Two mothers?

Question:  How could Joseph’s mother bow down to him when she had already died before he had his dream about the sun, moon and stars?

Answer:  The mother referred to by Israel (Genesis 37:10) was Leah, not Rachel.

This question touches upon two issues; ancient Hebrew family structure, and just what all of those dead people are up to currently.  I will address the family structure issue here.  The issue of where dead people are and what they are up to is a lengthy one to cover fully and I am already working on an answer to a question about that (which will be published on this blog as a separate post).

In Scripture, many of the people effectively have two or three “mothers” (and multiple “fathers” on a couple occasions) because of the rules of inheritance and the structure of the families. Occasions when different people are listed as the mother for the same child are often listed by those seeking to prove the inaccurate nature of scripture, but the only thing that they succeed in establishing is their own foolishness and lack of education.

The head of the household is the “Father”, and his first wife is the “Mother”.

To illustrate this, we will take a look at an individual in scripture, Dan, who has four “mothers” and two “fathers”:

Bilhah gave birth to Dan (Genesis 30:5), making her Dan’s (birth-) mother. (Mother 1; birth mother)

However, Bilhah was given to Jacob (Father 1; birth father)

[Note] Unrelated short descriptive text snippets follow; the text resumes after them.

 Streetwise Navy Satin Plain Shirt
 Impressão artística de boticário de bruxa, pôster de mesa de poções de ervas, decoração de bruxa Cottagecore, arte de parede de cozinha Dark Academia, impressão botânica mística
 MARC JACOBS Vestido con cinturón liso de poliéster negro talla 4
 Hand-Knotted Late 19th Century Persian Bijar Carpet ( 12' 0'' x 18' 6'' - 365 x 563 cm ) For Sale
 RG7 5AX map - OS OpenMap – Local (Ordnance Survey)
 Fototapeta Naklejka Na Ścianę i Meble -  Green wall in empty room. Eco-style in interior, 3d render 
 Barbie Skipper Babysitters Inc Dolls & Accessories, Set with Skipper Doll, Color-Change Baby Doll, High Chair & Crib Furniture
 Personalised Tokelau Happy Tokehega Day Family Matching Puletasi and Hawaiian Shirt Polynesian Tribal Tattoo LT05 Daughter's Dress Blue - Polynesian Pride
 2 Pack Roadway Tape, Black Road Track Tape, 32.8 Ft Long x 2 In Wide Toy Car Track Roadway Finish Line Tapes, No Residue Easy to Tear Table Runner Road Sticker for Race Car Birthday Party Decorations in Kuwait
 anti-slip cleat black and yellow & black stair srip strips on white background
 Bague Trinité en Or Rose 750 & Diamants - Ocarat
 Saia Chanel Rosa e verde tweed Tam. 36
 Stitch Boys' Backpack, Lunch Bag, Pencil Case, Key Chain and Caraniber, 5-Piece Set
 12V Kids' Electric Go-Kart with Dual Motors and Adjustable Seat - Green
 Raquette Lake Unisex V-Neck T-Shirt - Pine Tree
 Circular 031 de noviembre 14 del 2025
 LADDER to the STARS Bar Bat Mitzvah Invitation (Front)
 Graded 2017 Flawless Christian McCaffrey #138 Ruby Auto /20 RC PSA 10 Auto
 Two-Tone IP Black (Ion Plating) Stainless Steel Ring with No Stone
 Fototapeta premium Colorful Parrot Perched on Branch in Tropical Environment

by Rachel, to bear children on her behalf (as a surrogate mother) for her husband (Genesis 30:3), so Rachel is accurate in claiming “mother” status when she names this child to whom Bilhah gave birth (Genesis 30: 6).  (Mother 2; adoptive mother)

Laban appropriately claims Jacob’s children for his own (Laban was the one who raised and provided for them in Jacob’s absence, making him the “father”), (Father 2; adoptive father)

which makes Laban’s wife, who is unnamed in Scripture, also Dan’s mother (Genesis 31:26-28). (Mother 3; adoptive mother)

And Leah was Jacob’s first wife, so when Jacob finally assumes responsibility for his family on the return to his homeland, Leah becomes the “mother” of all of the children.  (Mother 4; step-mother & adoptive mother)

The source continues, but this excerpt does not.